Même s’il évite la guerre civile, la crise finale d’Israël s’annonce cataclysmique !

par Yorgos Mitralias

En juillet 2021, commentant les avertissements prophétiques formulés par Albert Einstein dès 1948 sur l'avenir désastreux d'Israël, nous terminions notre texte par le constat et, en même temps, la prédiction suivants :

« Malheureusement, tout montre qu’Einstein a eu de nouveau raison. Avec les Britanniques étant depuis longtemps un lointain souvenir, ce sont effectivement les épigones des “organisations terroristes” de 1948 qui inéluctablement conduisent Israël -qu’ils gouvernent- vers la “catastrophe finale” ! Un Israël qui peut se montrer maintenant plus puissant et arrogant que jamais, mais qui, en même temps, est en train de traverser sa plus grande crise existentielle de son histoire, pourrissant et se désintégrant à son intérieur. Le compte à rebours a déjà commencé et l’heure de la vérité approche... »1

Peut-être plus vite que nous ne l'avions prévu, tout indique en ce printemps 2024, que l'heure de la grande vérité de l'État juif n'est pas seulement proche, mais qu'elle est déjà arrivée, qu'elle est là et qu'elle se déroule sous nos yeux ! Et les pronostics ne sont pas du tout optimistes. En Israël même, les premières voix commencent à se faire entendre, exprimant des doutes sur la viabilité de l’État d’Israël. Comme, par exemple, celles des auteurs du texte au titre éloquent « A ce rythme, Israël n'atteindra pas son centième anniversaire », qui a été reproduit et discuté ces derniers jours comme aucun autre en Israël et hors d'Israël. L'une des raisons de ce choc est que ses deux auteurs, Eugene Kandel et Ron Tzu, sont tous deux des membres éminents de l'establishment gouvernemental israélien, le premier ayant dirigé pendant des années le Conseil économique national de Netanyahou ! La deuxième raison, la plus importante, est que le document estime que, à moins d'un changement de cap radical de la part d'un personnel politique radicalement différent, la crise existentielle que les Israéliens commencent à vivre conduira à la fin d'Israël, ce qui signifiera nécessairement la fin aussi du « rêve sioniste »...
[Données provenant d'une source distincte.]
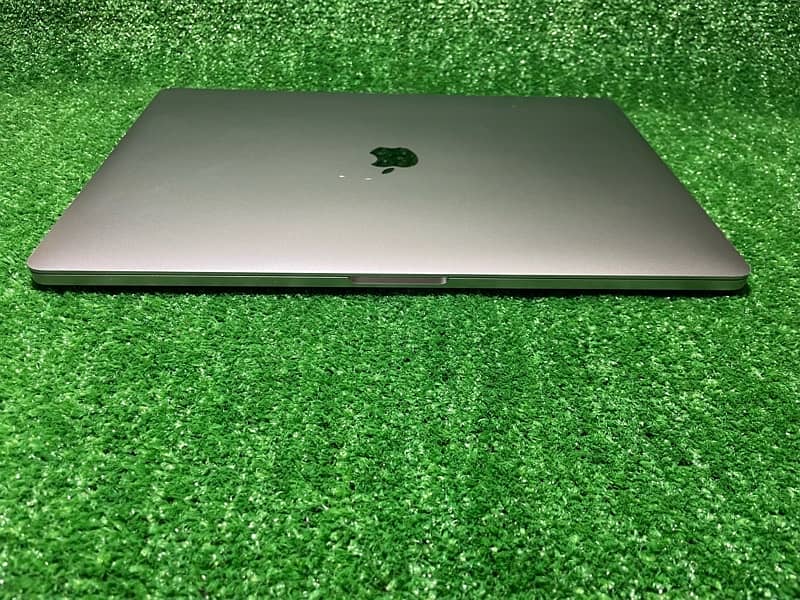 MacBook Pro i9,2019,  (64/ 2 Tb) 1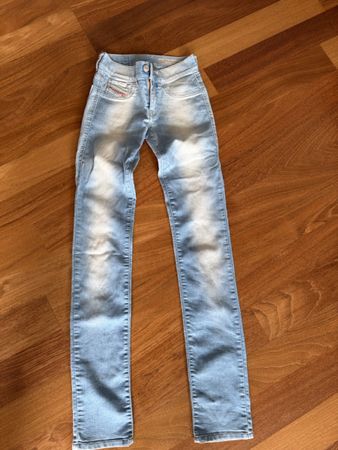 Diesel Jeans Damen hellblau Stretch Grösse W23 Zustand gut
Ce n'est pas un hasard si, au moment même où l'on parle tant de la « solution à deux États » et où l'État palestinien commence à être reconnu même par des pays membres de l'Union européenne, des voix s'élèvent en Israël même pour parler d'une... « solution à trois États » ! En effet, à côté de l'État palestinien de demain, elles considèrent qu'il existe déjà – de facto – non pas un, mais deux États juifs ! C'est exactement ce que dit l'ancien diplomate Alon Pinkas lorsqu'il fait les constats suivants dans un article très récent dans Haaretz : « Il y a désormais, ici, deux États – Israël et la Judée –, avec des visions opposées de ce que doit être une nation. Il y a un “éléphant dans la pièce” et ce n’est pas l’occupation, bien que celle-ci en soit la cause principale. Cet “éléphant dans la pièce” est constitué par le fait qu’Israël est progressivement mais inéluctablement divisé entre l’État d’Israël – high-tech, laïc, ouvert vers l’extérieur, imparfait mais libéral – et le royaume de Judée, une théocratie suprémaciste juive ultranationaliste antidémocratique et isolationniste ».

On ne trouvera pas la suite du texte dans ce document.